Online version of my weekly parenting and lifestyle column in The Nationalist.
Monday 16 January 2017
When flying, you’ll always be told that in
event of oxygen masks being deployed, you should put your own mask on first
before trying to help family or others.
Makes sense, right? How can you help anyone else if you’re running on
empty? We all know the answer – you can’t.
This crucial piece of advice is something that’s been pushing itself to
the forefront of my consciousness of late.
I’ve been exhausted, run down, switched on constantly and tending to
everyone else’s needs while neglecting my own.
It’s something us Mammies, in particular, are guilty of – making sure
everyone else is O.K - fed, washed, warm, where they need to be, while often
times we skip meals, leave hot cups of tea in various parts of the house to be
rediscovered hours or even days later, shower with an audience of little people
and multitask like no bodies business!
I was diagnosed with hypothyroidism in my early
20’s. It’s an autoimmune disease in
which the thyroid gland doesn’t function properly. The thyroid is a butterfly-shaped gland in
the front of your neck.
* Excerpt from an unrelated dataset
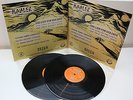 LXT 2721 - 2722 (1st Ed No SXL) MAHLER: DAS LIED VON DER ERDE – FERRIER / WALTER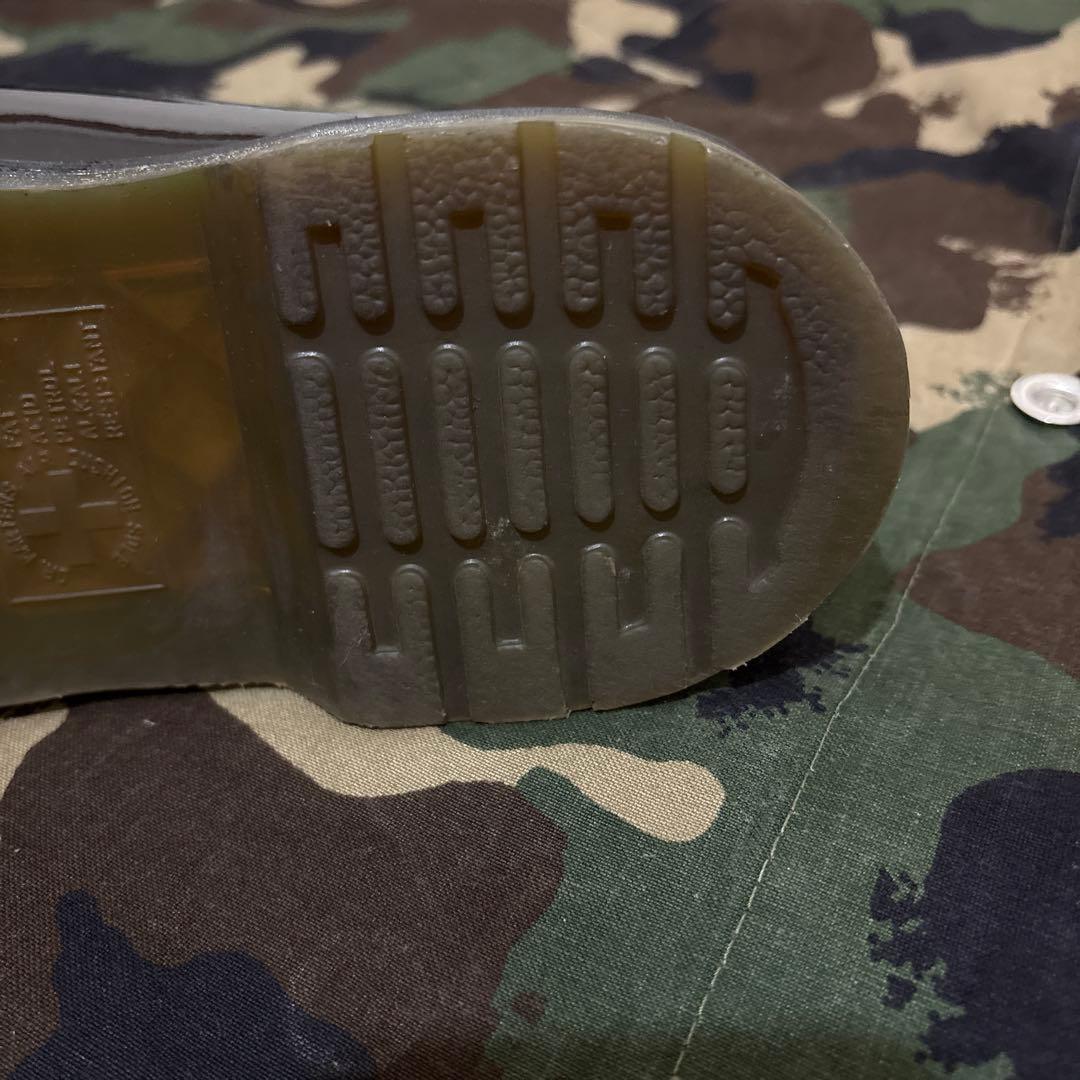 BEAMS 別注　ドクターマーチン3ホール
It makes
hormones that control the way our bodies use energy. And even though tiredness and weakness are
just two of the very many unpleasant symptoms, so is insomnia and a lowered
core body temperature, often bordering on hypothermic. I’ve been taking synthetic hormones now for
years, with varying degrees of success but even so I rarely sleep more than a
few hours a night and sometimes it takes every ounce of strength I have just to
get out of bed in the morning. A change
in medications over the last few months, coupled with 8 years tending to my
family’s needs, means that I now find myself pretty close to the point of total
burnout.
So, in a moment of madness this week, I decided
to do a bit of a Thelma & Louise on it (happily without the murder, robbery
or suicide pact) and I booked myself onto a three day Yoga Retreat in the
Spanish countryside – I’m blaming the full moon! Possibly a tad excessive to
flee an entire country just to get a rest but none the less, in three week’s
time, I’ll be headed towards the sun for some good food, stretching, breathing,
swimming and hiking and I hope to take stock of where I am, to connect with my
desires for my future and to fill up my cup and hopefully return an improved
version of myself – quite a big ask in just three days, I know!
To say I am excited would be an understatement.
I haven’t travelled alone in years. I’m
so looking forward to the sound of silence, no demands, no routine, no cooking
or cleaning, no talking unless I want to, no one in my bed. I hope to switch off my phone, write poetry,
take photographs, and take in some salsa (I’m blaming Dancing with The Stars
for this one). I’m putting on my oxygen
mask and I know it’s going to feel incredible to breathe.